The ctx.task() call returns a task object. This object provides access to the local description of the data associated with the task and a CUDA stream that can be used to submit work asynchronously. The beginning of the task body and its end are delimited by the .start() and .end() calls. Failing to call either of these methods or calling them more than once or in the wrong order results in undefined behavior.

Asynchrony is achieved by using the CUDA stream, which provides a mechanism to submit work on the execution place (here, implicitly the current CUDA device). CUDA ensures that all kernels synchronized with this CUDA stream will only be executed once all prerequisites have been fulfilled (e.g., preceding tasks, data transfers, etc.). In addition, CUDASTF performs all the necessary synchronization so that future tasks will be properly synchronized with the operations enqueued in the CUDA stream associated with this task after calling .start() and before calling .end().
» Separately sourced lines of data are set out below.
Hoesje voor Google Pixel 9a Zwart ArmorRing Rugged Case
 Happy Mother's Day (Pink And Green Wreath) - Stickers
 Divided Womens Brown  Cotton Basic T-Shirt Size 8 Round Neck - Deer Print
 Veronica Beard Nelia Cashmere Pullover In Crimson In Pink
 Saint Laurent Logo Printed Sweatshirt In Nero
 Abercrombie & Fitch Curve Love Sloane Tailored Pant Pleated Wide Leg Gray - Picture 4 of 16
Compatibility with CUDA graphs#

Similarly to the CUDA stream backend with a context of type stream_ctx, the CUDA graph backend graph_ctx also provides a low-level interface.

graph_ctx ctx;

double X[1024], Y[1024];
auto lX = ctx.logical_data(X);
auto lY = ctx.logical_data(Y);

for (int k = 0; k < 10; k++) {
    graph_task t = ctx.task();
    t.add_deps(handle_X.rw());
    t.start();
    cudaGraphNode_t n;
    cuda_safe_call(cudaGraphAddEmptyNode(&n, t.get_graph(), nullptr, 0));
    t.end();
}

graph_task t2 = ctx.task();
t2.add_deps(lX.read(), lY.rw());
t2.start();
cudaGraphNode_t n2;
cuda_safe_call(cudaGraphAddEmptyNode(&n2, t2.get_graph(), nullptr, 0));
t2.end();

ctx.sync();

A task in the CUDA graph backend corresponds to a child graph automatically inserted into the CUDA graph associated to a graph_ctx context. The example above creates 10 tasks that modify logical data lX, followed by a task that reads lX and modifies lY. The code illustrates how one can add dependencies to a task by using the add_deps method.

Similarly to the CUDA stream backend, a task is outlined by a pair of calls to the start()/end() member functions.